Imaginons un instant qu’il existe une entreprise canadienne appelée Facechinook. Cette entreprise a vu le jour il y a plusieurs années sous forme d’une belle expérience sociale en ligne permettant de maintenir les communautés et les amis en communication les uns avec les autres.

Elle se transforme rapidement en un ramassis confus d’opinions – certaines importantes et d’autres moins documentées – tributaire de la publicité, des clics, et dont le contenu politique est difficile à contenir. Or, cette même entreprise canadienne devient rapidement le plus grand projet de médias sociaux au monde, au point d’influencer les élections internationales et même les guerres.

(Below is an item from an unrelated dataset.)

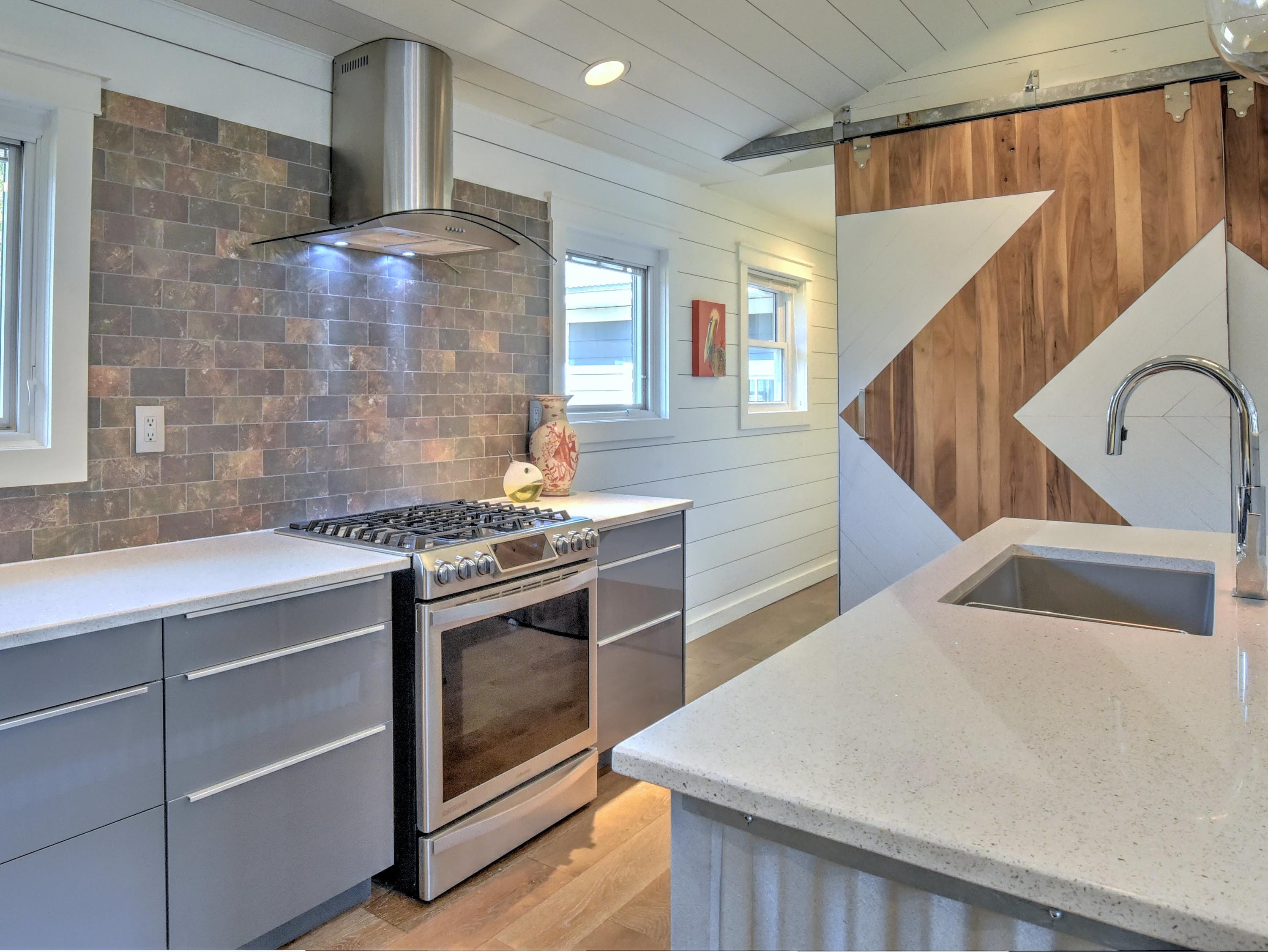95 Bayou Road Santa Rosa Beach, FL 32459 - Photo 21 of 70 a kitchen with a stove and a sink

Un jour, Facechinook, qui domine maintenant la distribution de contenu dans le monde entier à partir de son siège social de Mississauga, en Ontario, décide qu’elle n’aime pas la politique du gouvernement américain et, d’un seul coup, bannit de ses plateformes tous les médias locaux établis aux États-Unis. Quelqu’un active un interrupteur et, boum, 330 millions d’Américains ne peuvent plus accéder à Fox News, à NBC ou au New York Times sur ses plateformes numériques.

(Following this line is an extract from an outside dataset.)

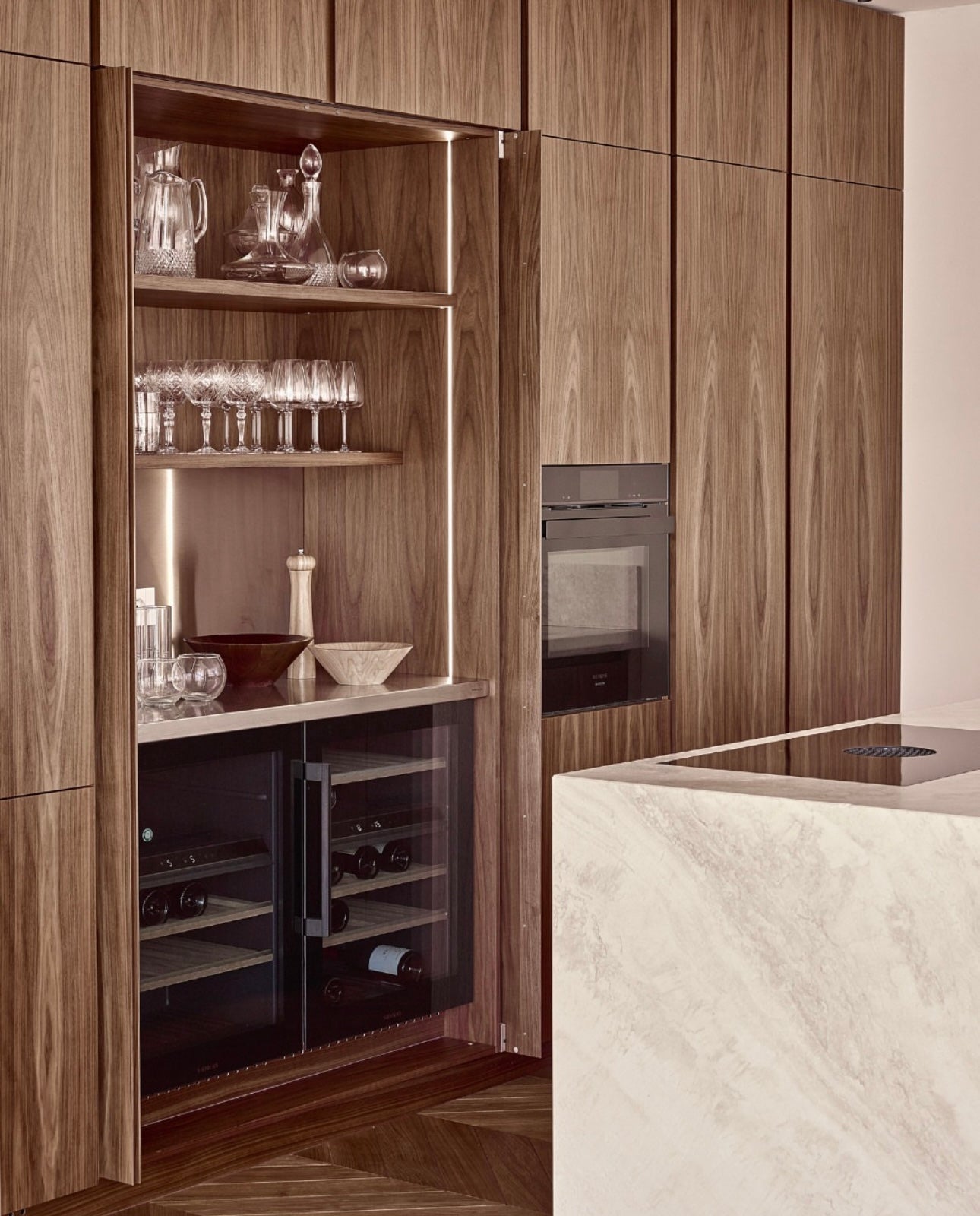 Wooden kitchen cabinetry with a bar area and seamless slide and hide pivot concealed pocket doors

Dans ce monde fictif, pensez-vous que les habitants des États-Unis accepteraient que les Canadiens décident de ce qu’ils peuvent ou ne peuvent pas consommer ? Impossible, n’est-ce pas ? Les libertés américaines ne peuvent être bafouées, même dans un « pays imaginaire ».

Eh bien, ce sont précisément ces mêmes droits et libertés démocratiques qui sont aujourd’hui bafoués au Canada.

Facebook a décidé que les contenus produits au Canada ne devaient pas être distribués aux Canadiens, parce que la législation canadienne, conçue et adoptée par des politiciens canadiens élus par les citoyens canadiens, ne répond pas aux besoins de l’entreprise Facebook.

En effet, Meta, la société mère de Facebook, a commencé cette semaine à bloquer les informations à certains utilisateurs canadiens sur ses plateformes, dans le cadre de sa lutte contre le projet de loi sur l’information en ligne du gouvernement libéral.

Certains grands médias, comme La Presse, Le Journal de Montréal et le Financial Post, ont été parmi les premières cibles du blocus de Facebook sur les informations canadiennes, mais les petits médias locaux sont également touchés. ChrisD.ca, une plateforme d’information numérique de Winnipeg, a signalé que certains lecteurs ne peuvent plus accéder à son contenu sur Facebook. Pour les petits organes de presse locaux comme ChrisD.ca ou le nôtre, la majorité du trafic des lecteurs provient des plateformes en ligne. Désormais, plutôt que de recevoir des informations locales sur leur quartier à Winnipeg ou à Montréal, ces mêmes lecteurs se voient imposer du contenu international ou américain.

On peut aimer, détester ou mépriser une partie ou l’ensemble des médias canadiens. Mais là n’est pas la question. Il suffit de constater à quel point il a été facile pour Facebook de décider ce que vous devriez ou ne devriez pas voir – il a suffi d’appuyer sur un bouton au siège de Facebook pour que des dizaines de milliers de créateurs de contenu canadiens dévoués soient soudainement occultés.

Vous entendez depuis des années que lorsque quelque chose est gratuit, vous êtes le produit. Eh bien, maintenant, nous sommes non seulement le produit, mais aussi les esclaves.